We meet on the main street. Andrew comes with a white van. With her she carries the merchandise. Young man, he just finished college in 2007 – Polytechnic University of Bucharest, the city where he was born. Two years, after college, as an assistant professor. There was no shortage of work in his field in the private market either. All the future in front, in the Capital, among concrete and computers. Until the year 2009 came and then said stop. We are now holding on to his car, all the way to the farm. Good luck with these rains lately, that the dust on the streets has settled. We end up in a wide courtyard, among the solariums, a tractor, other machinery, a barn. Another man comes out to meet, Andrei’s father, Gheorghe Barbu, about whom I find out that he is a geologist by profession. From him Andrew took the taste of the earth, I find out afterwards. The father cultivated aromatic plants, somewhere in Oltenia, for a long time. Everywhere, here, around me, in this yard, all kinds of seedlings. Let’s go to the barn, to talk, among the bags with seeds of all kinds. And many other outbuildings. A moment of respite for Andrei, who also goes to the field, and took the goods to customers, and to conferences in Bucharest, where he talks about a completely different lifestyle, healthy. “Yes, health has taste!” he exclaims at one point.

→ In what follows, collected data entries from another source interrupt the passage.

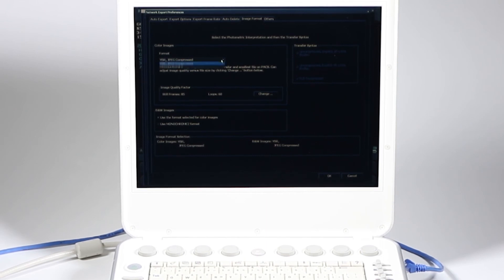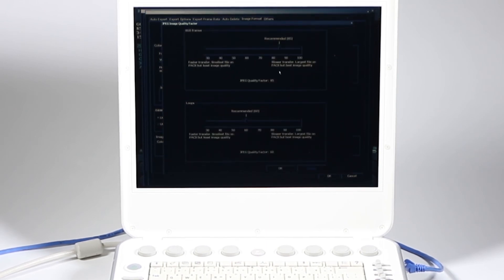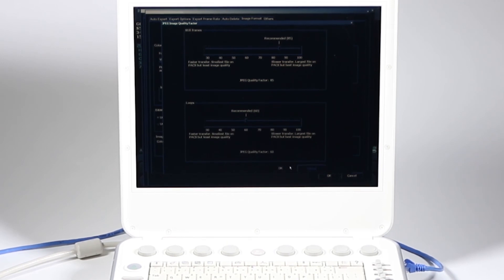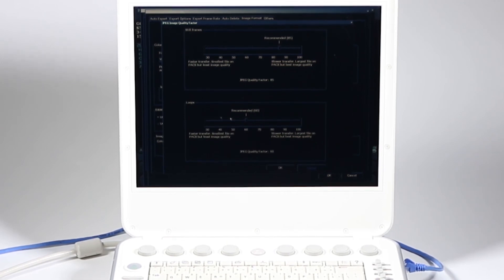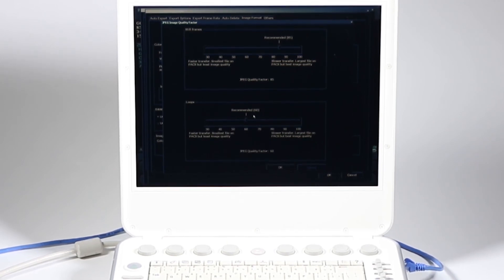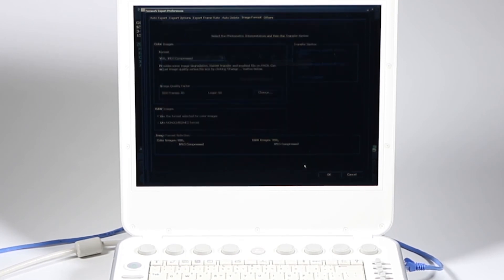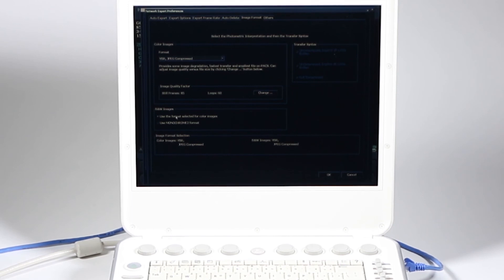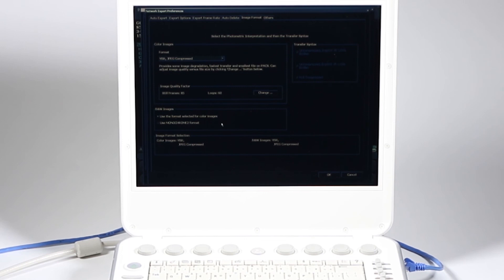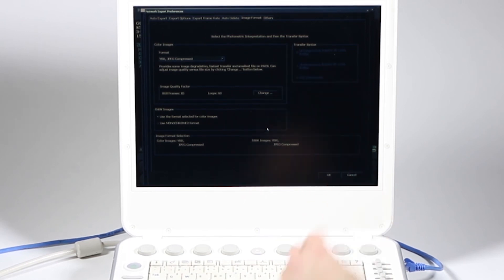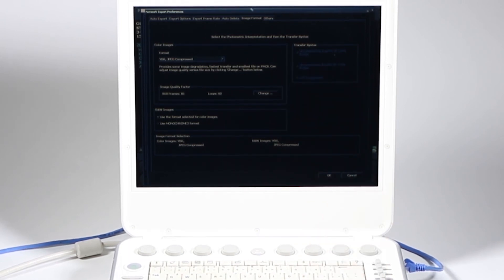My recommendation is JPEG compressed and then change, and these defaults are actually pretty good. So you're good to go with that. And here also on loops, if you want to have higher quality loops, you can move it up here. I'm going to go ahead and cancel there. And then black and white images, you can use monochrome too or format selected for color images, which is JPEG compressed. You can just leave that as is.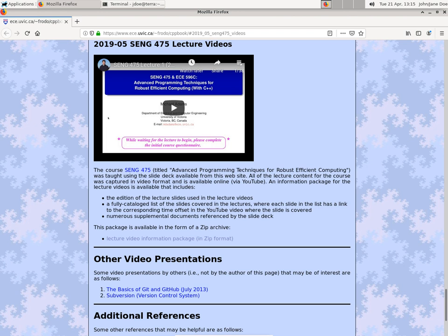In this video I'd like to comment on the information package for the 2019-05 SEN475 lecture videos. So this is the website for the C++ lecture slides of mine, and there's a link from here to the lecture video information package.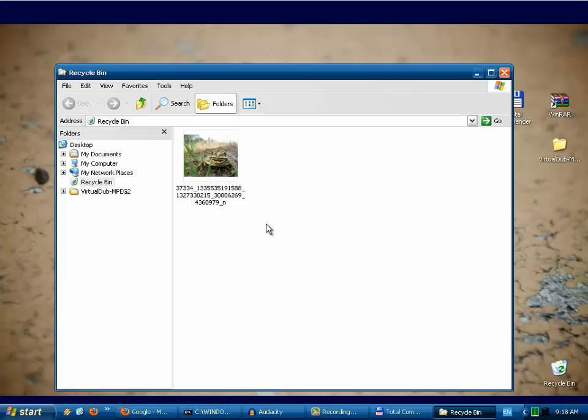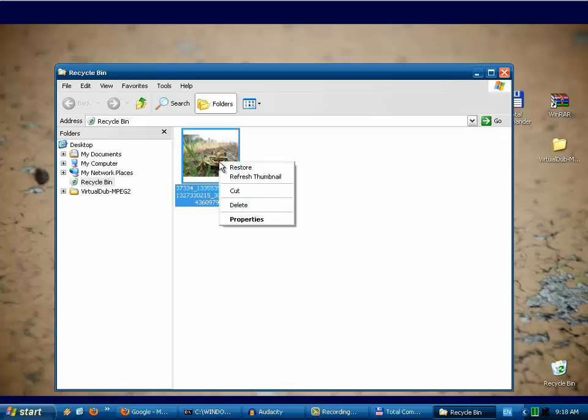Now we have a chance to restore our deleted file if we have deleted this file by mistake. When we want to restore, we need to right mouse click on the file which we want to restore and then click restore.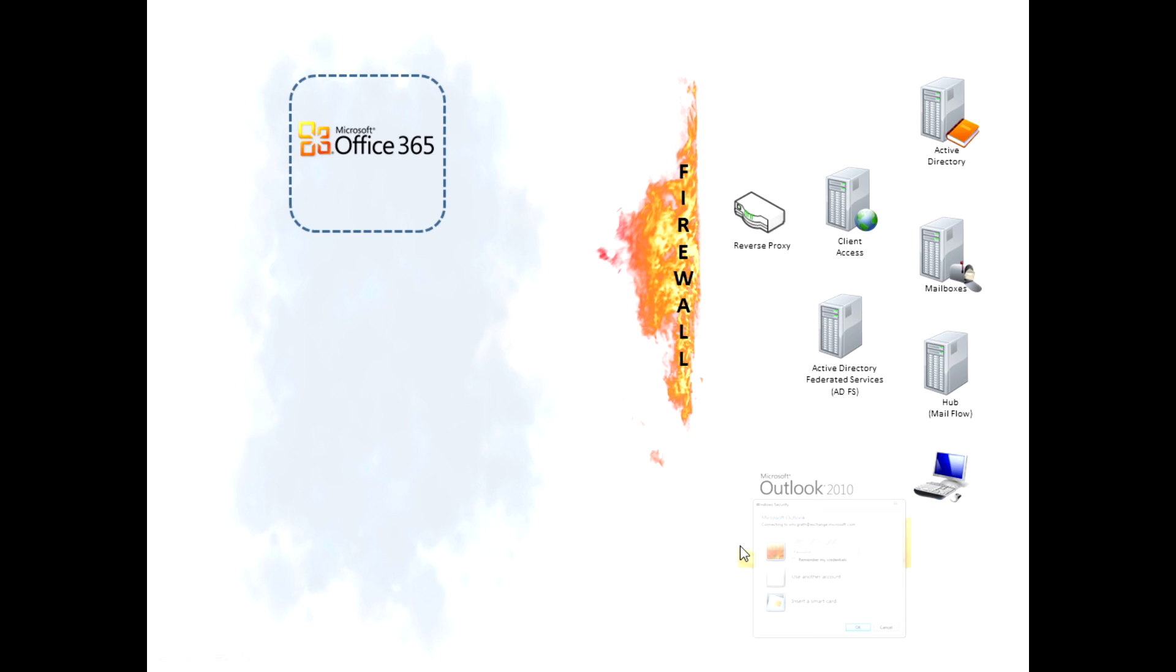So here's what happens when a client with a mailbox in the cloud signs on. I'm showing the Outlook experience here, but this could also be a mobile device or a POP IMAP client. The Outlook client prompts the user for the username and password.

He returned to the hearth of his great-grandparents
To see that nothing is accidental in this world! Andrei had raised some money, until 2009, from his basic job. He also made a loan at the bank. That’s when he told his father that he wanted something else in life. “I supported him in everything he wanted to do,” the father says. But it had to be started from scratch. You do agriculture, you need land. Father and son went through Bărăgan for two months. “We went through about 20 communes. Everywhere I was wondering about the earth. We were leaving behind us announcements”, says Andrei. They also passed through the Măcriș Valley. And here’s a little story – destiny makes Andrei’s father to be born in Calarasi. But where do you think they were from? “The great-grandmother from Ion Roată, and the great-grandfather from Valea Măcrișului”, says Gheorghe. But those people, in their lives, then, long ago, moved more towards the Danube, to Calarasi. These villages, which I have mentioned now, Valea Măcrișului and Ion Roată, are a short distance from each other, in Ialomița. And here’s what happens after so much bitter time since the displacement of the grandparents – the great-grandson buys land right in the Măcriș Valley. After how many announcements he had put through the communes where he passed, the first phone call he received was taman from the village of his ancestors. “It was the call of the earth,” exclaims Andrew’s father.
Self-taught in agriculture
Half acre of land he bought at first, then, in the same village, other land, up to the 16 hectares he now owns. Andrei talks about the land degradation in Bărăgan, because of the intensive agriculture. He learned, as a self-taught, about agriculture, books and the Internet serving him perfectly. People in this village looked at it, at first, strangely. They didn’t really understand what a little guy of stature was looking for, with fine fingers, of Bucharest, with the air of the office man, especially when they saw him with the hoe in his hand or in the tractor cab. “The people here are nice”, continues Andrei’s father, on the idea that, in the end, the “cohabitation” between the two worlds was done quite quickly and now works flawlessly.